Een preekconsent is de bevoegdheid om een kerkdienst te leiden. Een preekconsent kan worden aangevraagd door kerkelijk werkers en predikanten in opleiding.
Een preekconsent wordt in eerste instantie verleend voor twee jaar. Daarna telkens voor periodes van vier jaar. Een kerkelijk werker moet ook opnieuw een preekconsent aanvragen als hij/zij verandert van gemeente of classis.
Wat is de procedure om een preekconsent voor een kerkelijk werker aan te vragen of te verlengen?
Om als kerkelijk werker een preekconsent te verkrijgen, zijn de volgende stappen van belang:
- De kerkenraad moet eerst de goedkeuring vragen van het breed moderamen van de classicale vergadering, die onder meer beoordeelt of dit preekconsent echt nodig is.

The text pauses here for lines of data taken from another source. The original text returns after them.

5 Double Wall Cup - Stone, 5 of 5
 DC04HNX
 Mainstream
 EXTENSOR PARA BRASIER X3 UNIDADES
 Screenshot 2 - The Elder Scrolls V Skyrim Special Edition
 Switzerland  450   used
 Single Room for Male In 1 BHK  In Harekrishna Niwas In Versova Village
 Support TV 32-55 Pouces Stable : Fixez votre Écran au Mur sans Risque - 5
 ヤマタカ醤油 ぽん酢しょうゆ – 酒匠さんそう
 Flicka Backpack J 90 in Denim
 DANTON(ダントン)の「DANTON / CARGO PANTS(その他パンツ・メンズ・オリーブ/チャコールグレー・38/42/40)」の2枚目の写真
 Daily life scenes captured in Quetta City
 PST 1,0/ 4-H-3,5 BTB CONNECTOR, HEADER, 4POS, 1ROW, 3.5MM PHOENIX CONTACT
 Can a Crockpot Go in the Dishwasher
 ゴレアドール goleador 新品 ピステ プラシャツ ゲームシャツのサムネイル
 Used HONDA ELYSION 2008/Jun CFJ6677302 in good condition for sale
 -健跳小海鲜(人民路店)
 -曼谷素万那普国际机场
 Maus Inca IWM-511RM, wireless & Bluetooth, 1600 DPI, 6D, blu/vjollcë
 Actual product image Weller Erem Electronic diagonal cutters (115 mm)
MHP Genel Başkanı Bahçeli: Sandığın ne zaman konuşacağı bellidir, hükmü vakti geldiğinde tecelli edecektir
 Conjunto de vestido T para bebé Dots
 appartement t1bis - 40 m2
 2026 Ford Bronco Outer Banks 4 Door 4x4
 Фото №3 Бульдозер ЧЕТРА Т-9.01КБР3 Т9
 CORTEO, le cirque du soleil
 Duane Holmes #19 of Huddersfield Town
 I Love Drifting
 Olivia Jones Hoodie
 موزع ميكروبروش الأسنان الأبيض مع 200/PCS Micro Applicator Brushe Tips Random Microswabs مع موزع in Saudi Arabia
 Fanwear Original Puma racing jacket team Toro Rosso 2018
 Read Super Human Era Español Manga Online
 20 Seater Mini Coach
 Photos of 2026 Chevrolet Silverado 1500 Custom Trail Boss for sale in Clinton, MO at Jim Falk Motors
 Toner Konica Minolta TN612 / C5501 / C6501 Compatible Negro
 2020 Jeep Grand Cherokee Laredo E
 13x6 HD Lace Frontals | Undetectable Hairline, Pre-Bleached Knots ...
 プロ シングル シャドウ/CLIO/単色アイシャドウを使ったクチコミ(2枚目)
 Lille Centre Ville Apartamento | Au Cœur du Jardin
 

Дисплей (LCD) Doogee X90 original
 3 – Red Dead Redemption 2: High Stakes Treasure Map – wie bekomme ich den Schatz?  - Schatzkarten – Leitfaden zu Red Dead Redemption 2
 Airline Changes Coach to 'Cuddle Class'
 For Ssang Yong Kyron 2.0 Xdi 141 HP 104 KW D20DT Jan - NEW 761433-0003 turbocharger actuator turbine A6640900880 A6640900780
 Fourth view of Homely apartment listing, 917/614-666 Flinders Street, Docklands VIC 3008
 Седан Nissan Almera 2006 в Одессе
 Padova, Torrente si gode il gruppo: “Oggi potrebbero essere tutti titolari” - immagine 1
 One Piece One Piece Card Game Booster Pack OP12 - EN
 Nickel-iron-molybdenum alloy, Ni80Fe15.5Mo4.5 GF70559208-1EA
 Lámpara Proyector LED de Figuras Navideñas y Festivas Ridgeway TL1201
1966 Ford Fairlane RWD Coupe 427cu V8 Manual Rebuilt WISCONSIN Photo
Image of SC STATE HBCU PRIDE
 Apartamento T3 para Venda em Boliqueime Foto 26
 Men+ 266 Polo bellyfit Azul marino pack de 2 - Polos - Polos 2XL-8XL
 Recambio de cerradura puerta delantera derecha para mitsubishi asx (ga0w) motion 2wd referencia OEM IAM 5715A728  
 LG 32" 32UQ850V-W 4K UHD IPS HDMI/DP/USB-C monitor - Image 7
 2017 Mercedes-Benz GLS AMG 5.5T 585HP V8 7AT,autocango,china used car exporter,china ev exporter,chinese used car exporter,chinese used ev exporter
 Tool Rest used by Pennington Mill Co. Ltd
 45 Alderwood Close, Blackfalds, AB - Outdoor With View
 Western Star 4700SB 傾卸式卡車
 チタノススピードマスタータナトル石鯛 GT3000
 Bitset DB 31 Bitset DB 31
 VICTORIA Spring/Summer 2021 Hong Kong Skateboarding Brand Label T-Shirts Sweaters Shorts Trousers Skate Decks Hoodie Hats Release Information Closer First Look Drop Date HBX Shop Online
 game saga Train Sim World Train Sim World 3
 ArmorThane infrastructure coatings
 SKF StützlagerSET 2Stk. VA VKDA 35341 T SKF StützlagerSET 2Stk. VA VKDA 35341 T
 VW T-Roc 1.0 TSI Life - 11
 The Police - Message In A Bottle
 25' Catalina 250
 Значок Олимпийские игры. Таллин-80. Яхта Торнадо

De criteria daarvoor zijn het getalscriterium (zijn er te weinig predikanten in deze classis) en het pastoraal criterium (is de kerkelijk werker als pastor en gemeenteopbouwer herkenbaar in de kerkdienst).
- De kerkelijk werker dient een door de kerk aangewezen of erkende HBO-opleiding gevolgd en voltooid te hebben en ingeschreven te staan in het register van kerkelijk werkers.
- De kerkelijk werker moet de cursus ‘Homiletische en Liturgische vorming’ gevolgd en voltooid hebben, dan wel hiervoor ingeschreven staan.
- Bij een eerste aanvraag nodigt de commissie preekconsenten de kerkelijk werker uit voor een gesprek met twee leden van deze commissie.
- Na het gesprek formuleert de commissie voor de kleine synode een advies over het verlenen van het preekconsent. De kleine synode verleent het preekconsent en vraagt de kerkelijk werker ten overstaan van het breed moderamen van de classicale vergadering de belofte af te leggen.
- Het preekconsent voor een kerkelijk werker wordt de eerste keer verleend voor twee jaar, daarna telkens voor periodes van vier jaar. Hiervoor moet opnieuw het volgende materiaal worden ingeleverd.
- de motivering van de kerkenraad, met uiteenzetting dat er sprake is van ‘noodzaak’;
- een (recente) preek en een orde van dienst (met uitgeschreven gebeden);
- een verklaring van belijdenis en wandel;
- een CV (niet kerkordelijk voorgeschreven, maar wenselijk geacht door commissie);
- een verklaring dat de aanvullende cursus Homiletische en Liturgische vorming is gevolgd (cursus Prot. Academie);
- bij voorkeur ook het bewijs van inschrijving in het register van kerkelijk werkers. - De kerkelijk werker ontvangt supervisie of wordt op een andere wijze begeleid in zijn taken betreffende het preekconsent.